Segundo a Constituição Federal, a pesquisa e a lavra de bens minerais nos territórios indígenas ficam condicionados à autorização do Congresso Nacional. Além disso, é necessário ouvir as comunidades afetadas, sendo assegurada sua participação nos resultados da lavra.
“A Constituição não proíbe, apenas exige uma regulamentação adequada observando aspectos socioambientais e econômicos. Porém, como essa regulamentação nunca foi feita, na prática a ANM rechaça todos os pedidos apresentados, e o país fica sem saber o que existe nessas áreas”, esclarece.
Possibilidades além das terras indígenas
Cisnea Menezes Basílio, geóloga e indígena Desana, da região do Alto Rio Negro, ressalta que os povos originários estabelecem uma relação diferente com a geodiversidade. Ela cita os exemplos de Equador e Colômbia, que consideram a Amazônia um sujeito de direito, e defende que o processo considere não apenas o potencial mineral, mas também respeite os interesses, a cultura e os direitos de quem vive e depende desses territórios.
“Entendo a necessidade de se buscar minerais estratégicos para desenvolver economia. Contudo, as mineradoras já desenvolvem pesquisa em outras áreas onde o Sistema Geológico Brasileiro (SGB) identificou potencial e não estão territórios indígenas. Temos também os remineralizadores, capazes de fornecer recursos para além das jazidas. Ou seja, existem possibilidades que não envolvem explorar os minerais em nossas terras”, argumenta.
A representante do Ministério dos Povos Indígenas (MPI), Melissa Volpato Curi, também questiona se não há recursos minerais fora das terras indígenas em quantidade suficiente para atender às necessidades do país. “Esses territórios cumprem um serviço ambiental para toda a humanidade. Precisamos analisar qual a essencialidade das pedras preciosas para o desenvolvimento da sociedade moderna, pois elas estão associadas à invasão do garimpo ilegal com todos os diversos problemas associados. O que o diamante promove além de um desenvolvimento econômico imediatista de um recurso finito?”
Conciliar interesses
Ainda de acordo com a Carta Magna, os bens minerais existentes no território nacional são propriedade da União, incluindo os localizados nas terras indígenas. Por outro lado, a Constituição também determina que compete à União proteger os bens e demarcar as terras tradicionalmente ocupadas pelos povos originários.
Para Julevania Alves Olegário, diretora do Departamento de Desenvolvimento Sustentável na Mineração do Ministério de Minas e Energia (MME), a mineração tem caráter de interesse nacional, pois para preservar a soberania do Brasil é preciso saber o que existe como recurso natural. “Temos conhecimento geológico defasado em boa parte do Brasil. No caso da Amazônia, onde está a maior parte dos povos indígenas, são grandes as lacunas”, constata.

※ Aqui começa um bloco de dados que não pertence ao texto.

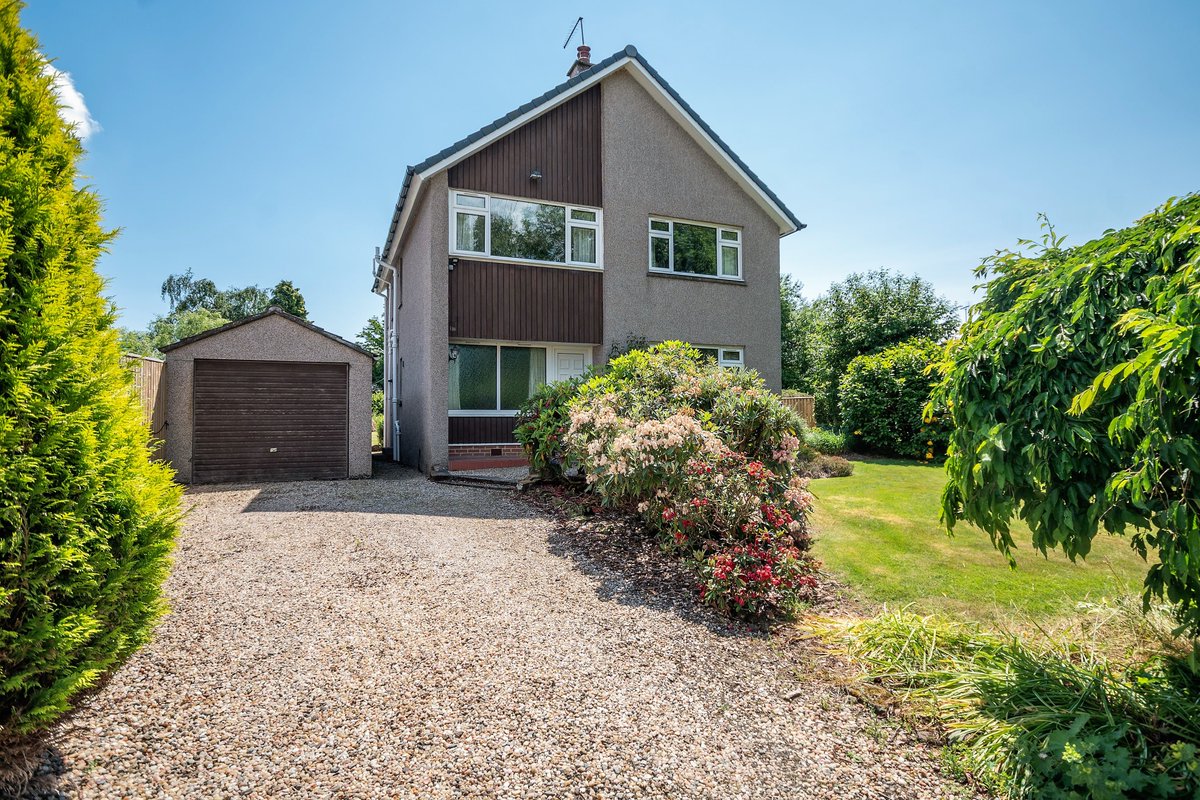 CathedralCE's tweet image. 👉🏡Double closing date today: these two properties have attracted lots of attention. 🔔🔑 Fingers crossed for all interested parties bidding today 🤞#Dunblane #ClosingDate #LocalAgent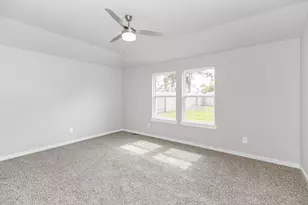 1665 Holly Trails St, Sour Lake, TX 77659 - Photo 14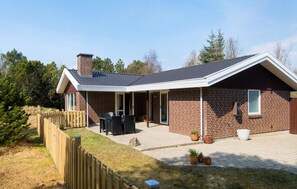 Exterior - Cozy home in Nørre Nebel with sauna (Nørre Nebel)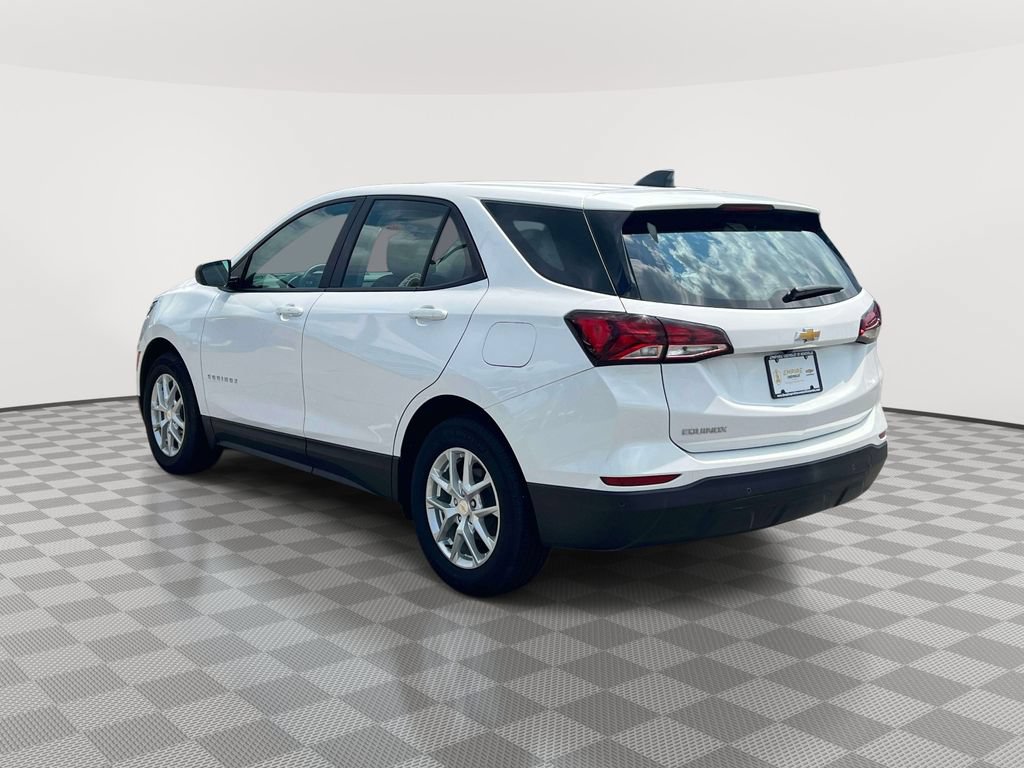 Used 2024 Chevrolet Equinox LS w/ Driver Confidence II Package FWD image 7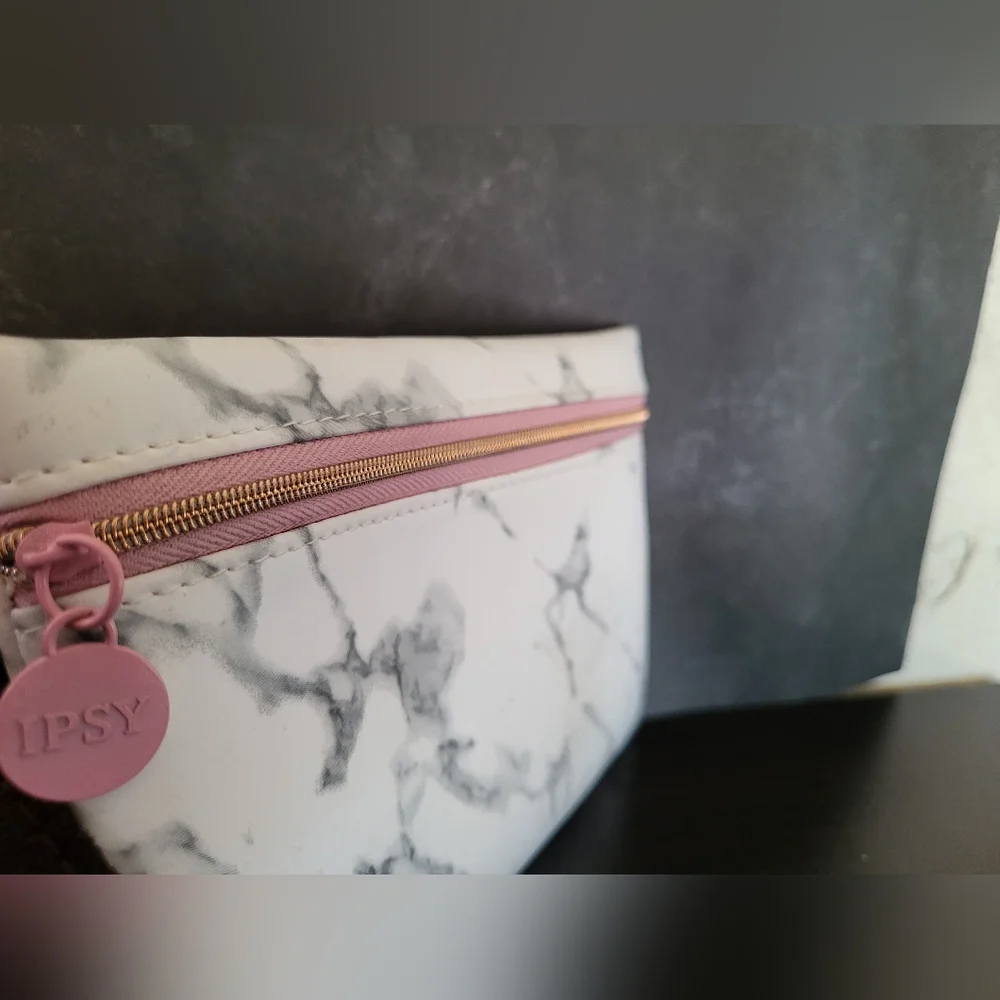 Ipsy marbled makeup bag.
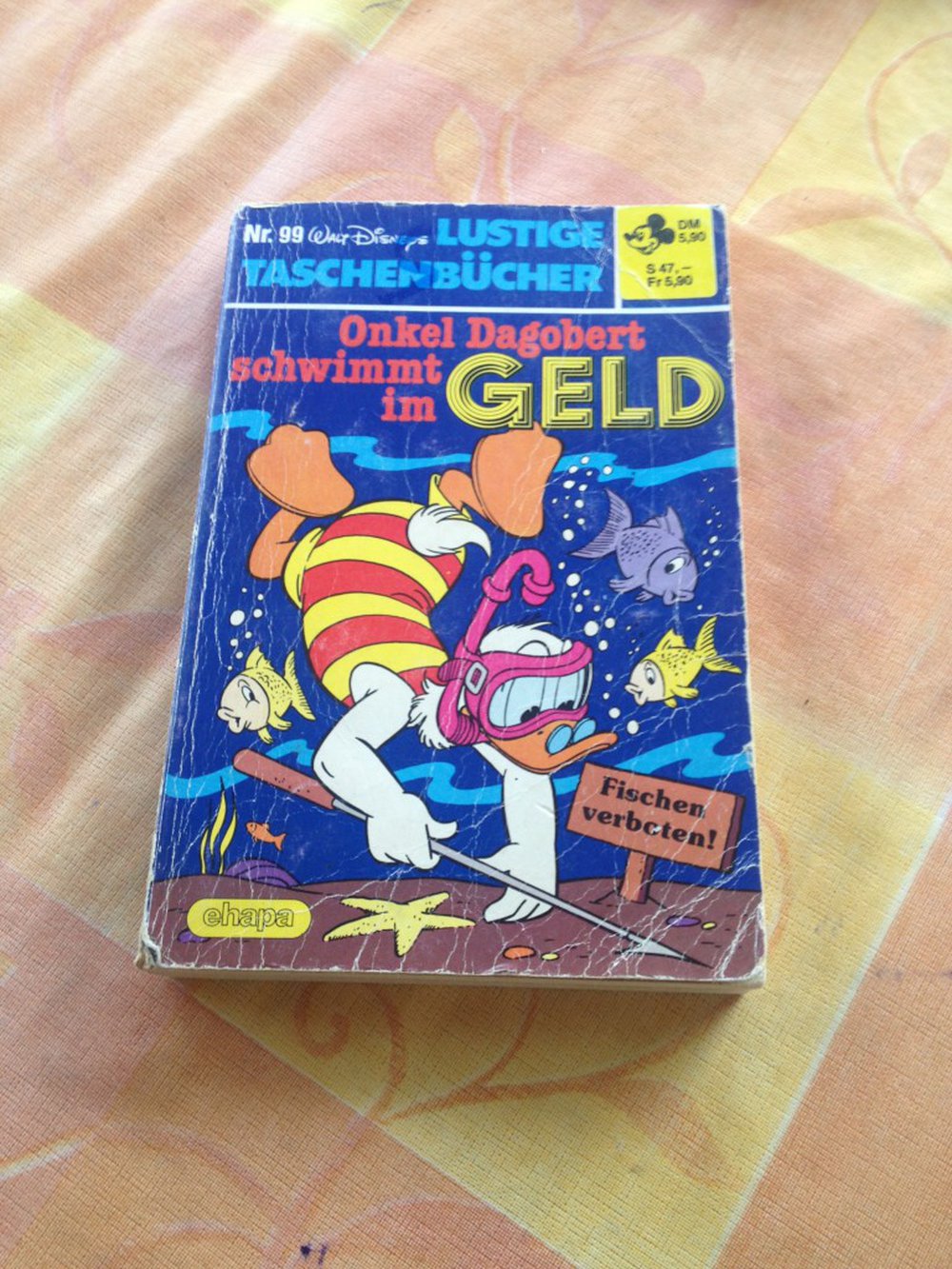 Lustige Taschenbücher: Onkel Dagobert schwimmt im Geld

Esse trabalho de mapeamento é executado pelo SGB, representado no debate por Lúcia Travassos da Rosa Costa, assessora da Diretoria de Geologia e Recursos Minerais da instituição. Ela esclarece que o serviço geológico não realiza pesquisas em terras indígenas desde 1994, exceto quando esse estudo é solicitado pelos próprios povos que demonstram interesse em saber o potencial mineral da área que ocupam.
“Ainda temos baixo conhecimento geológico para afirmar com segurança o potencial de determinada área no caso das terras indígenas. Mas o objetivo do mapeamento não é apenas a exploração econômica. É uma esfera de conhecimento fundamental para a gestão do território nacional, contribuindo para a descoberta de aquíferos, para entender riscos geológicos, subsidiar estudos sobre geodiversidade”, argumenta.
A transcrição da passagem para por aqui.